Penegakan hukum merupakan fondasi utama dalam membangun negara yang adil dan beradab. Dalam sistem hukum yang ideal, setiap warga negara wajb diperlakukan sama di hadapan hukum tanpa memandang status sosial, kekuasaan, atau kekayaan. Namun dalam praktiknya, muncul sebuah ungkapan yang sering terdengar di masyarakat Indonesia: “hukum tajam ke bawah, tumpul ke atas.” Ungkapan ini menggambarkan ketidak samaan dalam penegakan hukum, di mana masyarakat kecil cenderung dihukum dengan tegas, sementara pihak yang memiliki kekuasaan atau kekayaan sering kali tampak lebih mudah menghindari jerat hukum.
Fenomena ini tidak muncul tanpa alasan. Berbagai kasus yang terjadi di Indonesia memperlihatkan adanya perbedaan perlakuan antara masyarakat biasa dan kalangan elite. Dalam beberapa kasus kecil, seperti pencurian barang bernilai rendah atau pelanggaran ringan, masyarakat dari kalangan ekonomi lemah sering kali diproses dengan cepat dan dihukum secara tegas. Sebaliknya, kasus-kasus yang melibatkan pejabat, pengusaha besar, atau tokoh berpengaruh sering kali berjalan lambat, berbelit-belit, bahkan berakhir tanpa kepastian hukum.
Salah satu faktor yang memicu ketimpangan ini adalah adanya pengaruh kekuasaan dan kekuatan ekonomi dalam proses hukum. Individu atau kelompok yang memiliki akses terhadap sumber daya yang besar cenderung memiliki kemampuan untuk menyewa pengacara terbaik, memanfaatkan celah hukum, atau bahkan memengaruhi proses penegakan hukum melalui relasi kekuasaan. Kondisi ini memperlihatkan bahwa hukum tidak selalu berdiri sepenuhnya independen dari kekuatan politik dan ekonomi.
Selain itu, persoalan integritas aparat penegak hukum juga sering menjadi sorotan. Praktik korupsi, kolusi, dan nepotisme dapat merusak kepercayaan masyarakat terhadap sistem hukum. Ketika aparat penegak hukum tidak menjalankan tugasnya secara profesional dan berintegritas, maka keadilan yang seharusnya menjadi tujuan utama hukum akan sulit tercapai.

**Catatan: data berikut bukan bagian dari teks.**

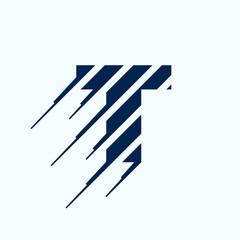 T letter logo design template.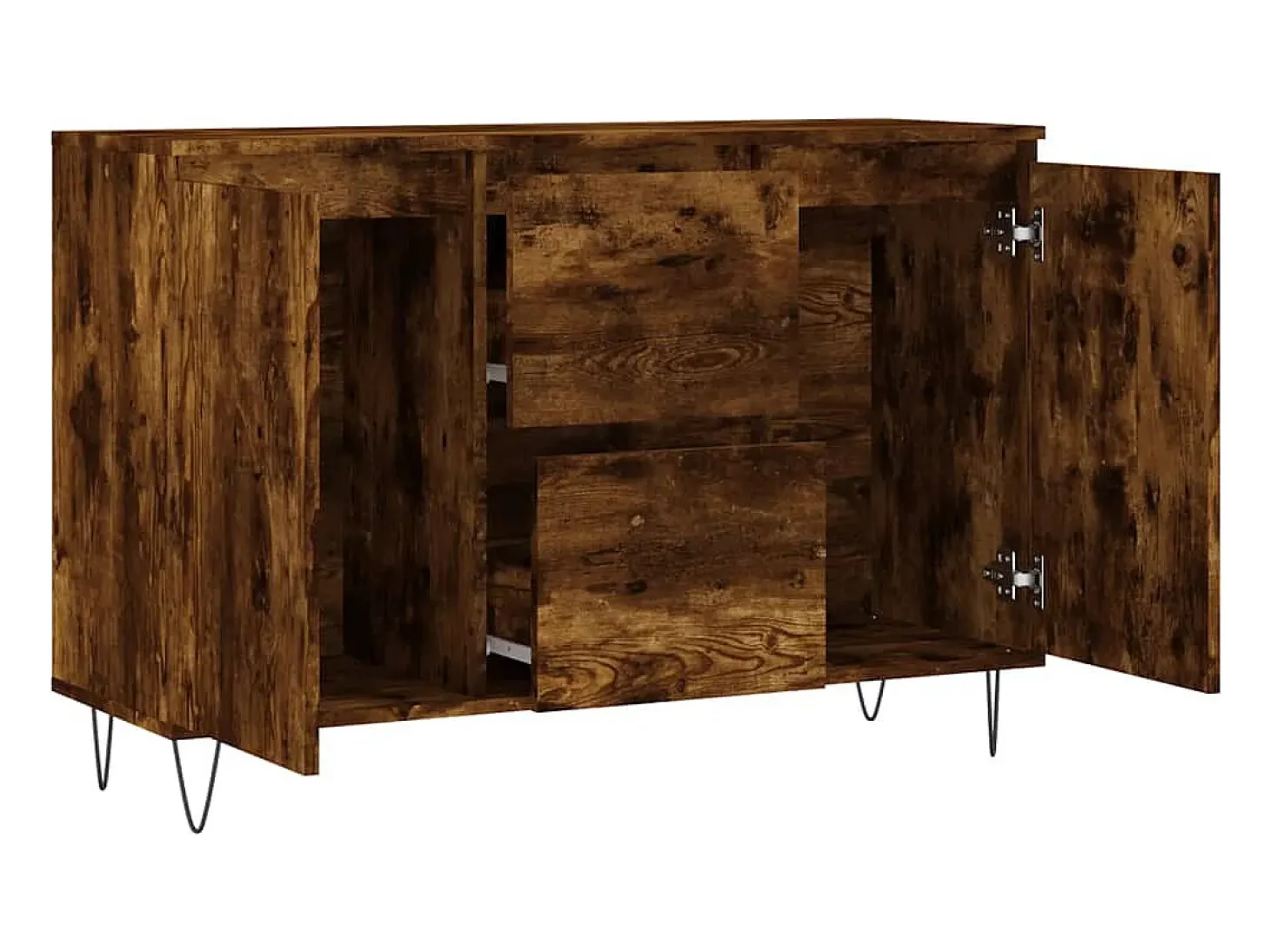 Aparador buffet cómoda mueble mueble de almacenaje organizador cocina salón salón 104 x 35 x 70 cm madera contrachapada marrón 02_0030857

Kesenjangan dalam penegakan hukum ini memiliki dampak yang luas bagi kehidupan sosial. Ketidakadilan hukum dapat menimbulkan rasa frustrasi dan ketidakpercayaan masyarakat terhadap institusi negara. Dalam jangka panjang, kondisi ini berpotensi melemahkan legitimasi hukum itu sendiri, karena masyarakat merasa hukum tidak lagi menjadi alat untuk melindungi keadilan, melainkan hanya menguntungkan pihak-pihak tertentu.
Negara telah mengatur secara tegas melalui Undang-Undang Dasar Negara Republik Indonesia Tahun 1945 (UUD 1945) Pasal 1 Ayat (3) yang berbunyi bahwa “Indonesia merupakan Negara hukum” yang mana haal ini memiliki makna bahwa penyelengaraan Negara harus bedasarkan hukum bukan kekuasaan sepihak
Dalam Undang-Undang Nomor 39 Tahun 1999 tentang Hak Asasi Manusia Pasal 3 ayat (2) dan Pasal 28D ayat (1) “Setiap orang berhak atas pengakuan, jaminan, perlindungan, dan perlakuan hukum yang adil serta mendapat kepastian hukum dan perlakuan yang sama di depan hukum”. yang mana berarti aparat penegak hukum tidak boleh membeda-bedakan seseorang berdasarkan suku, agama, ras, status sosial, jabatan, atau faktor lain
Untuk mengatasi persoalan ini, diperlukan upaya reformasi hukum yang berkelanjutan. Penguatan integritas aparat penegak hukum, transparansi dalam proses peradilan, serta pengawasan publik yang lebih kuat menjadi langkah penting dalam mewujudkan sistem hukum yang lebih adil. Selain itu, pendidikan hukum bagi masyarakat juga perlu ditingkatkan agar warga negara memahami hak-haknya serta dapat berpartisipasi dalam mengawasi jalannya penegakan hukum. sehingga Pada akhirnya, cita-cita negara hukum hanya dapat terwujud apabila hukum benar-benar ditegakkan secara adil dan tanpa diskriminasi. Hukum tidak boleh tajam hanya kepada mereka yang lemah, dan tumpul kepada mereka yang kuat. Sebaliknya, hukum harus menjadi alat yang melindungi seluruh warga negara secara setara, sehingga keadilan dapat dirasakan oleh semua lapisan masyarakat.